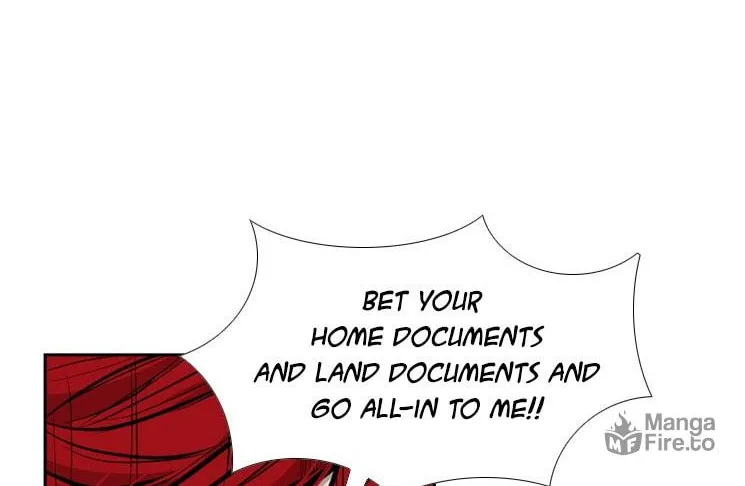 Read Shark chapter 156 image 22 on Lezhin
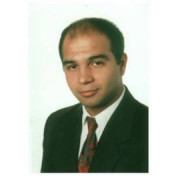 freiberufler Telekommunikation, Embedded SW, Projektleitung, Teamleitung auf freelance.de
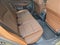 2019 Subaru Outback 3.6R Touring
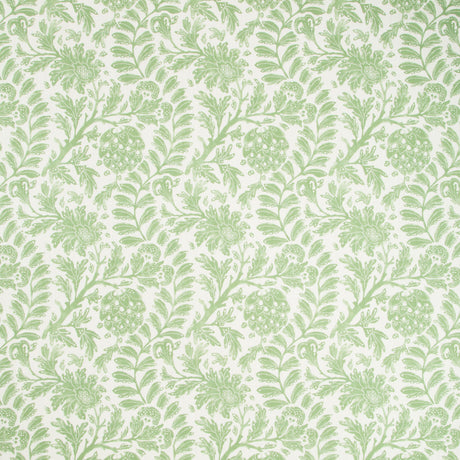 Kravet WOLLERTON LEAF Fabric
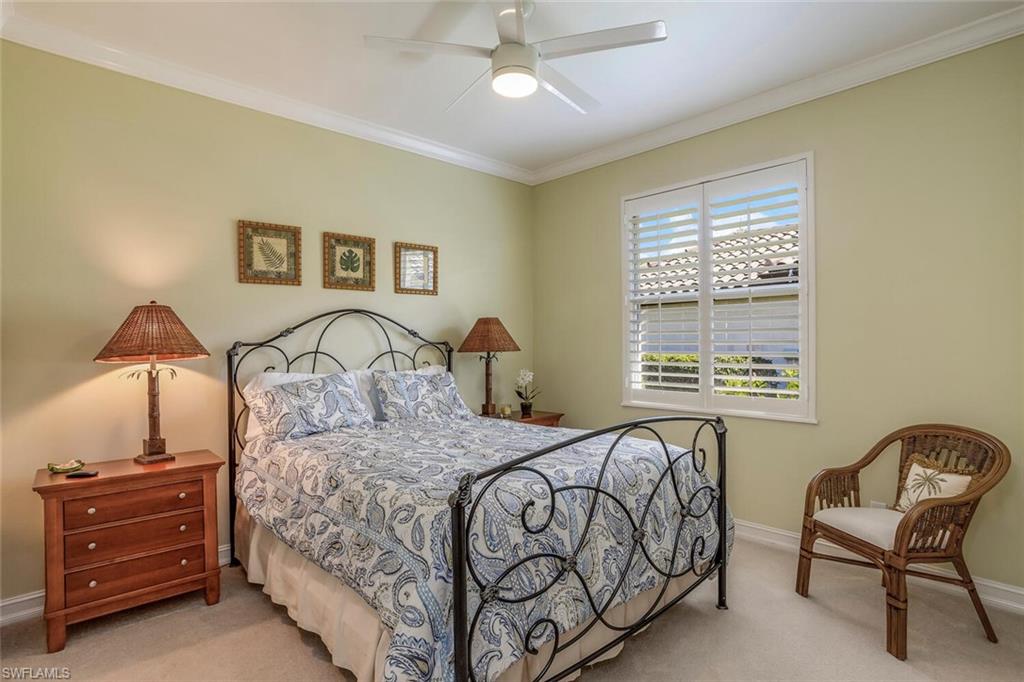 CALLAWAY GREENS - Residential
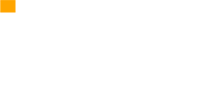 DNZ BRINDES
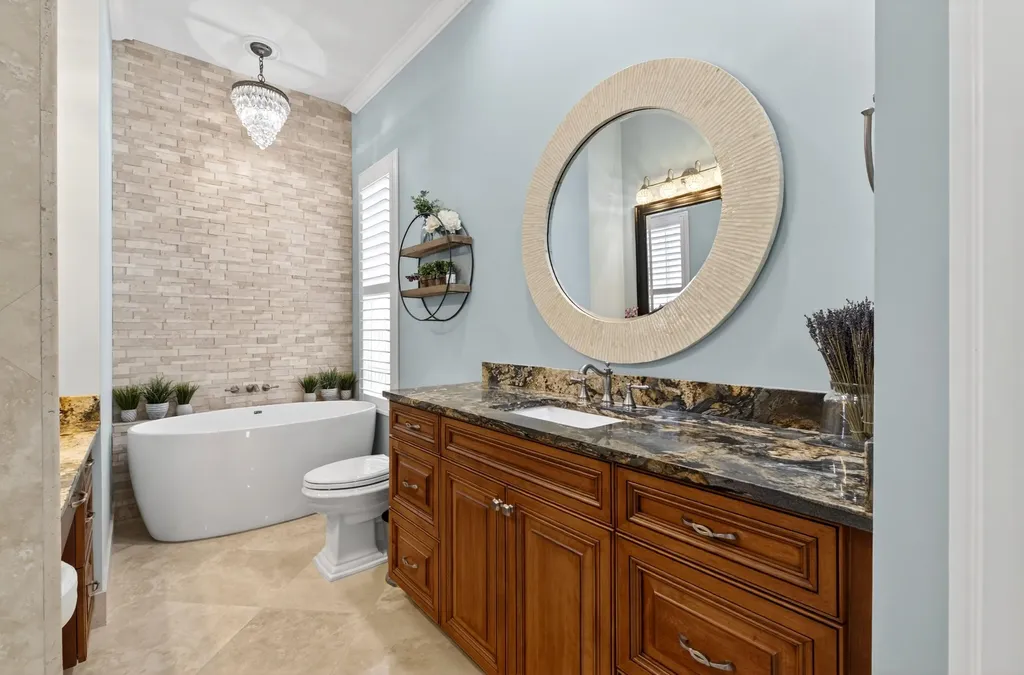 8223 Pine Cay Road Wellington FL 33414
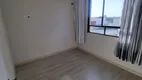 Foto 6 de Apartamento com 3 Quartos à venda, 100m² em Coroa do Meio, Aracaju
────────────────────
_What you have to do_
Exactly as they appear above, write out all the entries, without pictures.

_Output below_
 Read Shark chapter 156 image 22 on Lezhin
 freiberufler Telekommunikation, Embedded SW, Projektleitung, Teamleitung auf freelance.de
 2019 Subaru Outback 3.6R Touring
 Kravet WOLLERTON LEAF Fabric
 CALLAWAY GREENS - Residential
 DNZ BRINDES
 8223 Pine Cay Road Wellington FL 33414
 Foto 6 de Apartamento com 3 Quartos à venda, 100m² em Coroa do Meio, Aracaju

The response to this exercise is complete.